これでライティングの設定がほぼ完了したので、最終的に高解像度のライトマップを作成する準備が整いました。

1. ターゲットとなるデバイスに合わせて、ライティングを最適化する:

  • ユーザーに使用されることを想定した方法でアプリをテストします(例:モバイルデバイスをターゲットにしている場合は、コンピューターに接続していないスタンドアロンのデバイスでテストします)。
  • 目標とするフレームレートに達しているかどうかを確認します。
  • 実際のデバイスでアプリをビルドして実行する方法については、チュートリアル「VR Project Setup」のチュートリアルを参照してください。


2. 複数の小さなライトマップファイルではなく、1 つのライトマップファイルを生成する:

  • Max Lightmap Size を 4096 にします。
  • ライトマップファイルは、複数の小さなファイルではなく、1 つのファイルにすることをお勧めします。
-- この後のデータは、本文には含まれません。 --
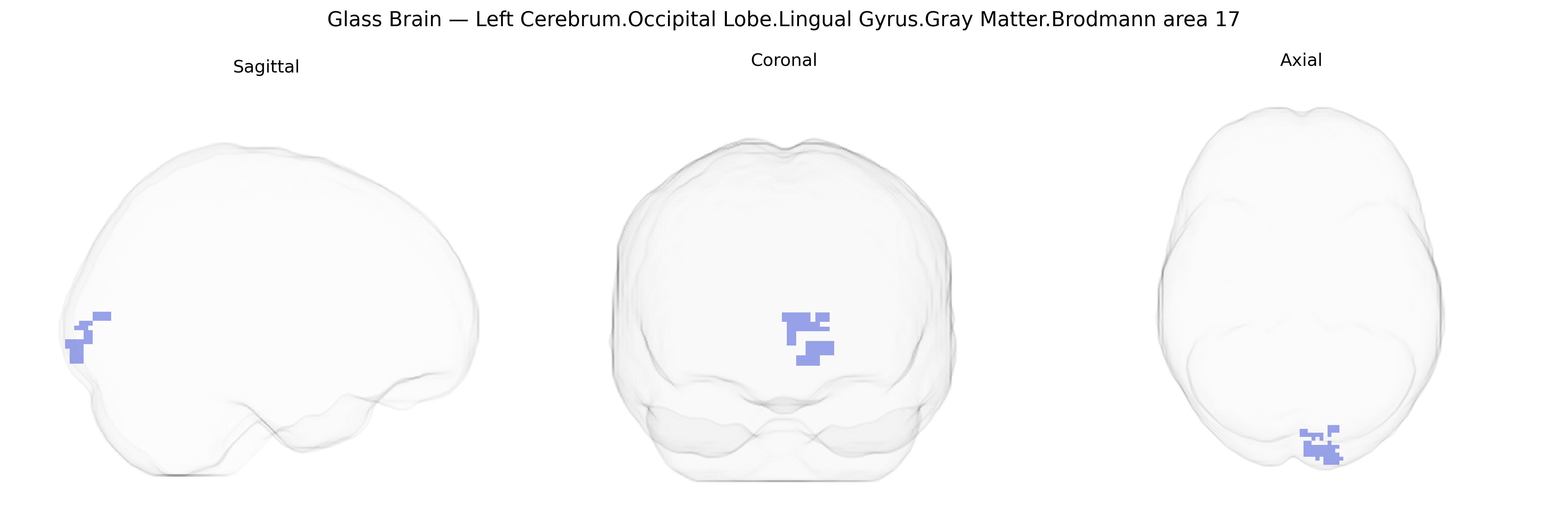 Triplanar Ghost Brain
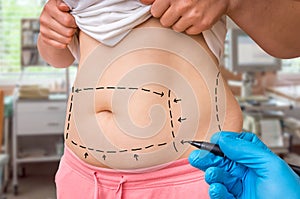 Plastic surgery doctor draw lines with marker on patient belly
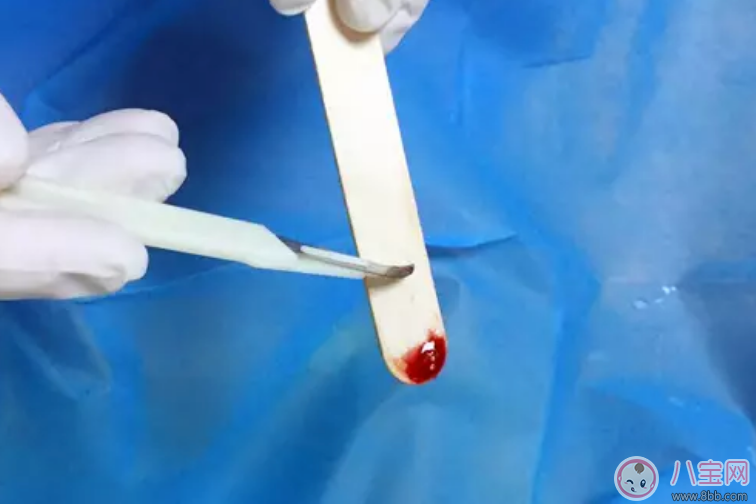 如何用中醫(yī)看扁桃體發(fā)炎 扁桃體炎中醫(yī)的啄治療法怎么樣 如何用中醫(yī)看扁桃體發(fā)炎 扁桃體炎中醫(yī)的啄治療法怎么樣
3. 斑点状の影が出たり、ピクセル状の影が出たりする場合は:

  • Compress Lightmaps チェックボックスをオフにします。


4. ライティングの全体的な外観に満足し、最終的なライトマップを生成する準備ができたら:

  • Lighting ウィンドウで、Lightmap Resolution を 20~80 の間に設定します。
  • 必要に応じて、他のライティング設定(samples, bounces など)の調整を続けて、望ましい結果を得ることができます。

これで、ライティングが思い通りになり、パフォーマンスも最適化されるはずです。


関連リソース:

7. まとめ

注目のフィーチャー:

  • 複雑な高性能のライティング

新しいコンセプトとスキル:

  • ベイクしたライティングとリアルタイムのライティング
  • ライトマッピング
  • ライトプローブ

次のレッスン:

  • Publishing (公開)
任意のステップ

8. 追加のアクティビティ

スキルをさらに向上させたい、新しいコンセプトを探求したい、プロジェクトを改善したいとお考えの方は、下記のオプションの追加アクティビティをチェックしておくと良いでしょう。

それぞれ [Easy]、[Medium]、[Difficult]、[Expert] のタグが付けられており、コーディングが必要な場合は [Requires Programming] のタグも付けられています。

1. 新しいスカイボックスの追加 [Easy] (難易度:低)

新しいスカイボックスを作成またはダウンロードして、シーンの外観を向上させる:

  • Skyboxes について詳しくはこちら
  • スカイボックスは、Unity アセットストアで Free アセットと検索するとダウンロードできます。
  • Environment タブの Lighting ウィンドウからスカイボックスを追加します。
  • 警告:高解像度のスカイボックスがあり、Environment タブでスカイボックスを Environment Lighting の Source に設定している場合、Lightmapping に非常に時間がかかることがあります。これを避けるために、Source を Gradient に変更することができます。

2. ライティングの調整を続ける [Medium] (難易度:中)

シーンのライティングやライティング設定の微調整をし続けて、できるだけ美しく、パフォーマンスの高いシーンを作る:

3. リフレクションプローブの探索 [Hard] (難易度:高)

リフレクションプローブをシーンに追加することで、Metallic のオブジェクトからの反射をよりリアルにする:

  • Reflection Probes のマニュアルと、リフレクションプローブの使用のすべて
  • おそらく、Material_Main を複製して新しい「Material_Main_Shiny」を作成し、そのマテリアルの metallic プロパティを増やし、そのマテリアルをシーン内の反射するべき光沢のあるオブジェクトに割り当てる必要があります。